# EXERCISE GOAL
From the line with "adesiva ou uma membrana transparente." onward, reproduce each line of the entries exactly, ending at the last one, and add nothing.

##### TASK INPUTS #####

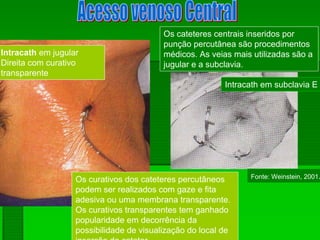 Intracath em jugular
Direita com curativo
transparente
Os cateteres centrais inseridos por
punção percutânea são procedimentos
médicos. As veias mais utilizadas são a
jugular e a subclavia.
Os curativos dos cateteres percutâneos
podem ser realizados com gaze e fita
adesiva ou uma membrana transparente.
Os curativos transparentes tem ganhado
popularidade em decorrência da
possibilidade de visualização do local de
inserção do cateter.
Intracath em subclavia E
Fonte: Weinstein, 2001.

#####

# ANSWER FOR THE TASK
adesiva ou uma membrana transparente.
Os curativos transparentes tem ganhado
popularidade em decorrência da
possibilidade de visualização do local de
inserção do cateter.
Intracath em subclavia E
Fonte: Weinstein, 2001.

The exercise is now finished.